W.H.O RECOMMENDATION - TREATMENT OF THE UMBILICAL CORD IN CHILDBIRTH

The World Health Organization (WHO) has emphasized in three recent publications regarding childbirth, various relevant recommendations on newborn healthcare procedures, including the treatment of the Umbilical Cord:

  1. W.H.O: Care of the Umbilical Cord. A review of the evidence, 1999.
    http://www.who.int/rht/documents/MSM98-4/MSM-98-4.htm


  2. W.H.O: Recommended practical guidelines in Normal Birth Care, 1999.
    http://www.who.int/rht/documents/MSM96-24/msm9624.htm in particular,
    chapters 5.5; 5.6; 6.1; 6.3.


  3. W.H.O: ESSENTIAL NEWBORN CARE, Report of the technical Working Group
    (Trieste, 25-29 April 1994): cleanliness, clean delivery and clean cord care for
    prevention and control of nosocomial, newborn and hospital infections - mother and child: http://www.who.int/rht/documents/MSM9313/essential_newborn_care.htm


    (Sizes of pages mentioned are of A4 paper size).
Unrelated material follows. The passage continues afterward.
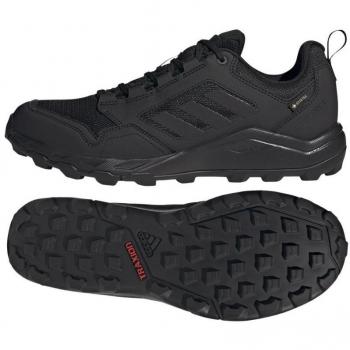 Zapatillas de montaña adidas Terrex Tracerocker 2 GORE-TEX hombre, color negro mate, talla 42(2/3)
    In two articles; "Care of the Umbilical Cord. A review of the evidence"
    http://www.who.int/rht/documents/MSM98-4/MSM-98-4.htm
    and " Recommended practical guidelines in Normal Birth Care" http://www.who.int/rht/documents/MSM96-24/msm9624.htm the authors, and the conclusions and recommendations, state that cutting of the cord should take place with a sterile disposable instrument, or thoroughly decontaminated by sterilization. This is of utmost importance for the prevention of infections. Although no attendant in practice will admit to the use of non-sterile devices during childbirth, it may happen from time to time that in the absence of sterile scissors, they may use previously used episiotomy scissors.

    In "Care of the Umbilical Cord" Page 12 http://www.who.int/rht/documents/MSM98-4/MSM-98-4.htm "Timing of cord clamping" end of paragraph: "The cord should be shielded with a sterile covering to minimize blood spraying during the procedure." In Page 4, "Importance of cord care"; "In developed countries, individual cases and epidemics of cord infections continue to occur, even in supposedly aseptic nurseries for newborns. Neonatal tetanus and cord infections continue to be an important
    cause of neonatal morbidity and mortality in developing countries."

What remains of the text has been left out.